Give the data again exactly, without its images.

DATA section start

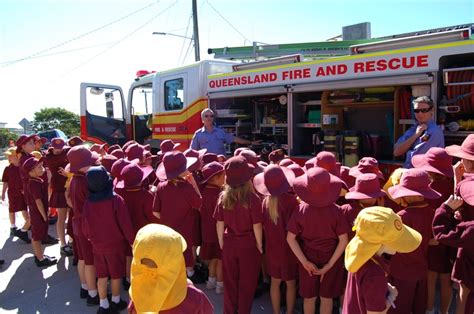 Local Firies visit Ithaca Creek State School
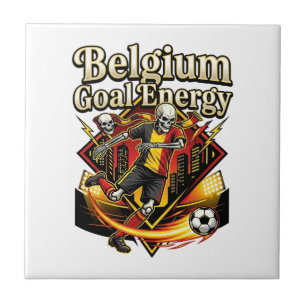 Belgium Goal Energy Skeleton Striker Nations Bold Tile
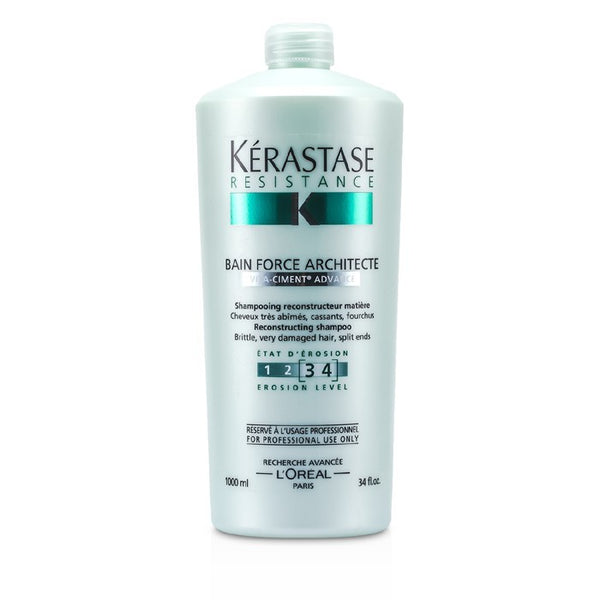 Kerastase Resistance Bain Force Architecte Reconstructing Shampoo (For Brittle, Very Damaged Hair, Split Ends) 1000ml/34oz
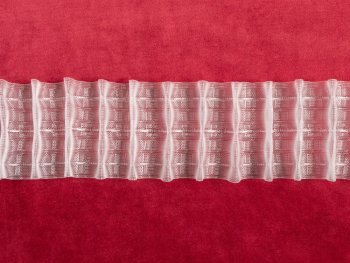 Řasící stuha RS-011 vlnky - šířka 7,5 cm - řasení 1:2 - Biante.cz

DATA section end

§ **OUTPUT BELOW**:
 Local Firies visit Ithaca Creek State School
 Belgium Goal Energy Skeleton Striker Nations Bold Tile
 Kerastase Resistance Bain Force Architecte Reconstructing Shampoo (For Brittle, Very Damaged Hair, Split Ends) 1000ml/34oz
 Řasící stuha RS-011 vlnky - šířka 7,5 cm - řasení 1:2 - Biante.cz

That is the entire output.